高島屋は、消費者目線でのオムニチャネル戦略を加速する。9月にはオンワードホールディングスと組んで、実店舗とネット販売チャネルを融合させる共同プロジェクトに乗り出しているが、11月からは高島屋の地方・郊外店に「ショールームストア」を設置。普段は取り扱いのない化粧品や食料品などを展示し、タブレット端末を介して「高島屋オンラインストア」に送客する取り組みをスタートする。
オンワードとは、9月から高島屋新宿店に入る同社の主力婦人服ブランドのショップにタブレット端末を導入し、欠品している商品などについて同端末から高島屋のグループ会社が運営する衣料品通販サイト「セレクトスクエア」経由で購入してもらうタブレット接客を始めた。実店舗は品ぞろえや在庫数が限定的なため、豊富なEC在庫を活用することで色やサイズ違いを含めた店頭欠品時の売り逃し防止につなげる狙いだ。
高島屋が新たに始める「ショールームストア」については、取り扱いブランドや商品数が少ない地方・郊外店の顧客から手にとってみたいブランドや商品をヒアリングし、当該アイテムなどを展示。店頭スタッフが携帯するタブレット端末を通じ、その場で「高島屋オンラインストア」での購入を促したり、帰宅後に通販サイトを利用してもらう。
対象店舗は高島屋の岡山、岐阜、米子、立川、柏、高崎の6店舗で、各店が50~100平方メートルの「ショールームストア」を設置。11月中旬開設予定の米子店を皮切りにオンライン送客を図る。

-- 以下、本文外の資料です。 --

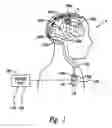 Fig. 02 - Apparatus and methods for applying neural stimulation to a patient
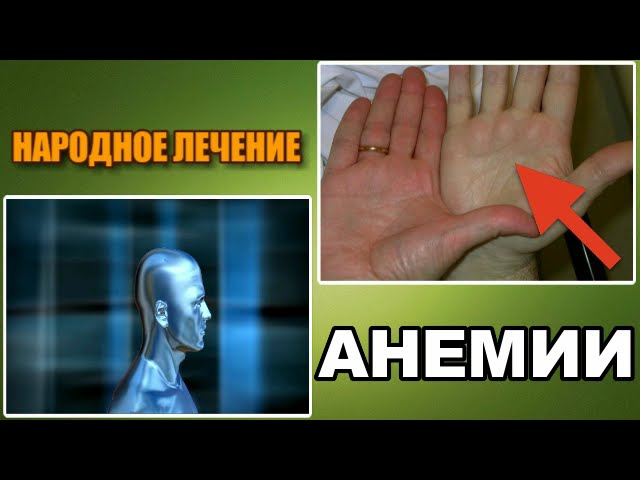 АНЕМИЯ. МАЛОКРОВИЕ. ЛЕЧЕНИЕ АНЕМИИ НАРОДНЫМИ СРЕДСТВАМИ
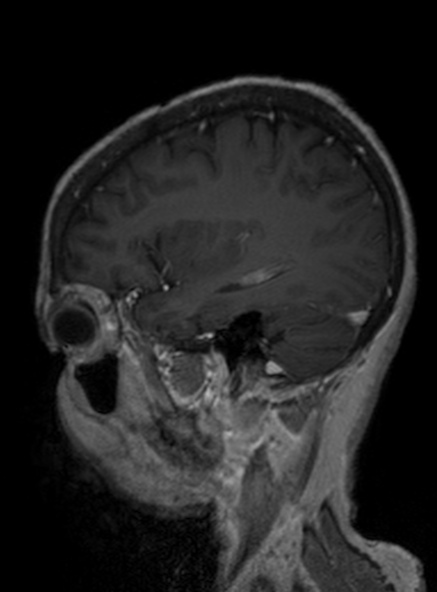 File:Clival meningioma (Radiopaedia 53278-59248 Sagittal T1 C+ 325).jpg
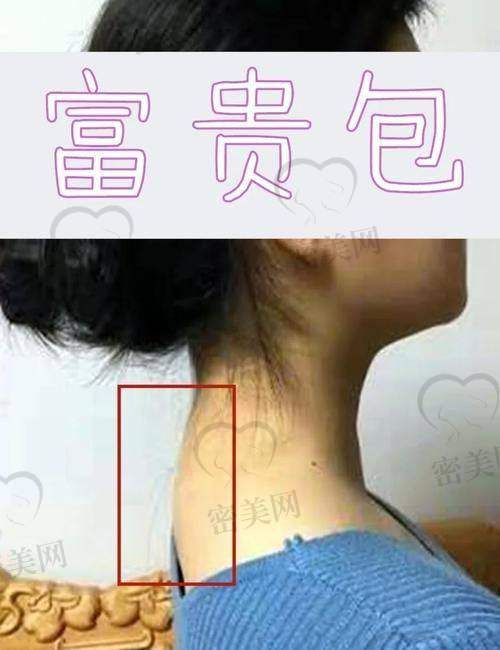 治疗过程体验：轻松又有效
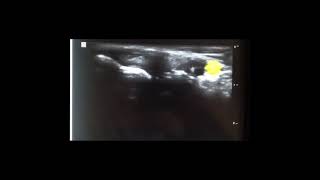 Ultrasound Guided Posterior Tibial Tendon Injection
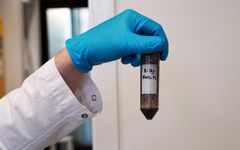 En av jordprøvene under ekstraksjon av rottegiftene. Jordprøvene er fra et forsøk hvor NIBIO i samarbeid med Veterinærinstituttet undersøker hvordan ulike varianter av rottegifter brytes ned over tid i ulike jordtyper. I prosjektet undersøker forskerne forskjell på hvordan de kjemiske stoffene i rottegiftene brytes ned i de forskjellige jordtypene. Foto: Mari M. Press, Veterinærinstituttet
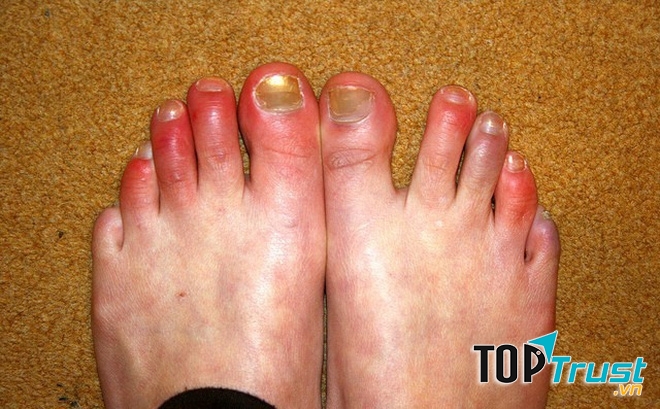 Cách chữa cước chân nhanh nhất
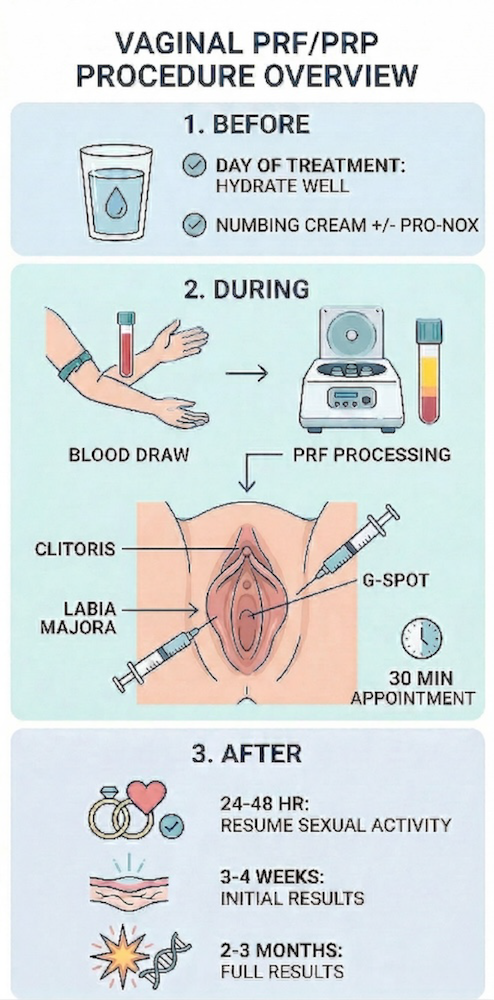 Diagram showing Steps For Vaginal Prp procedure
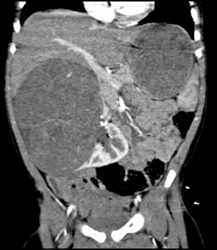 Wilms Tumor - CTisus CT Scan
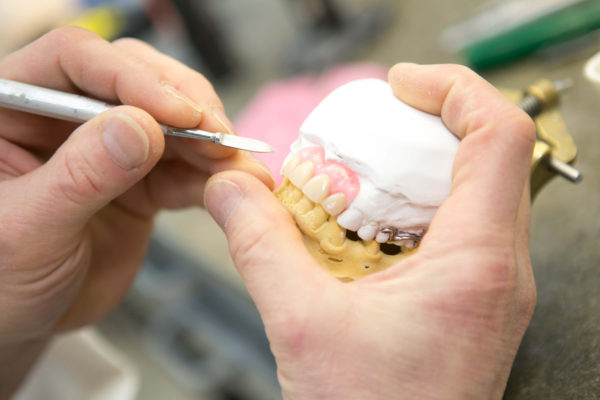 dental implant, implant dentistry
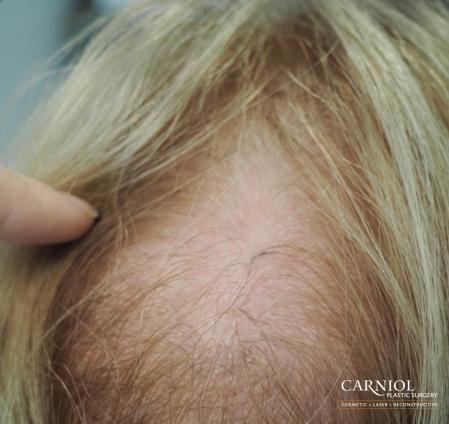 Nonsurgical Hair Restoration: Patient 3 - After Image 1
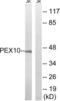 Peroxisomal Biogenesis Factor 10 antibody, LS-C120207, Lifespan Biosciences, Western Blot image 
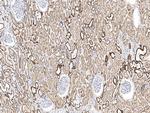 UQCRH Polyclonal Antibody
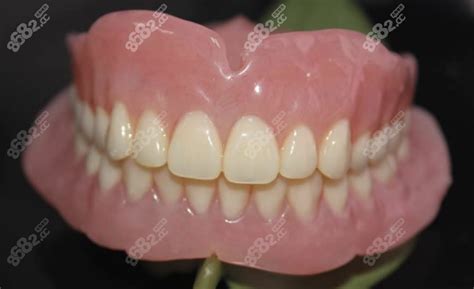 做满口活动假牙的大概价格是多少?含纯钛/维他灵/等价格 - 口腔资讯 - 牙齿矫正网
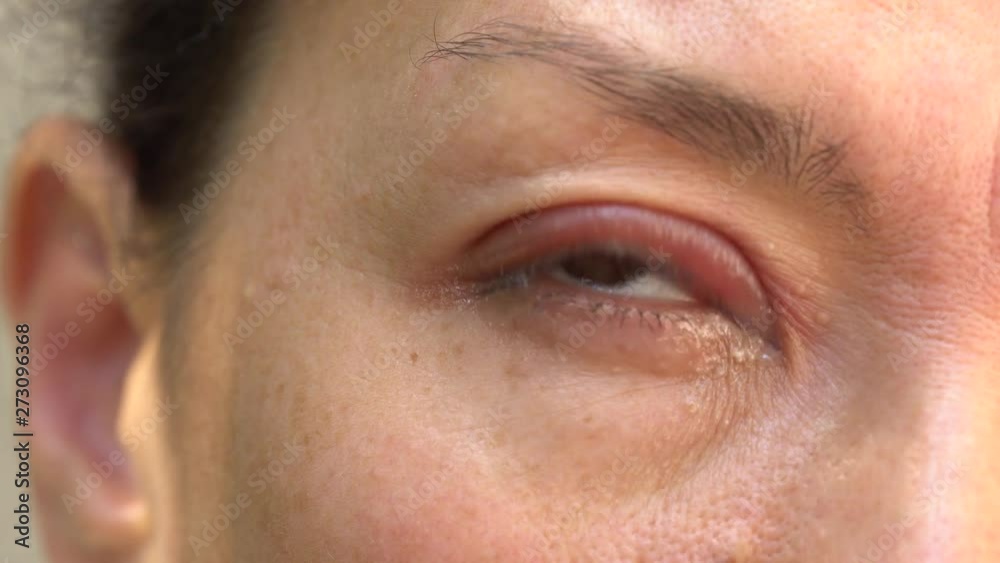 A stye, a hordeolum, a bacterial infection of an oil gland in the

コスメや食料品、バッグなどの婦人雑貨をそれぞれ期間限定で、商品カテゴリーを絞って展開する計画で、例えばコスメは通販サイトでは200弱のブランドを扱うが、地方店では数十ブランドにとどまるケースもあることから、ニーズはあるとみている。
タブレット接客の事例ではないが、子会社が運営する商業施設「博多リバレインモール」で今夏の約1週間、高島屋オリジナルのランドセル100点を展示。高島屋店舗のない九州でランドセルの選び方やネットでの購入方法を案内し、一定の成果を得たようだ。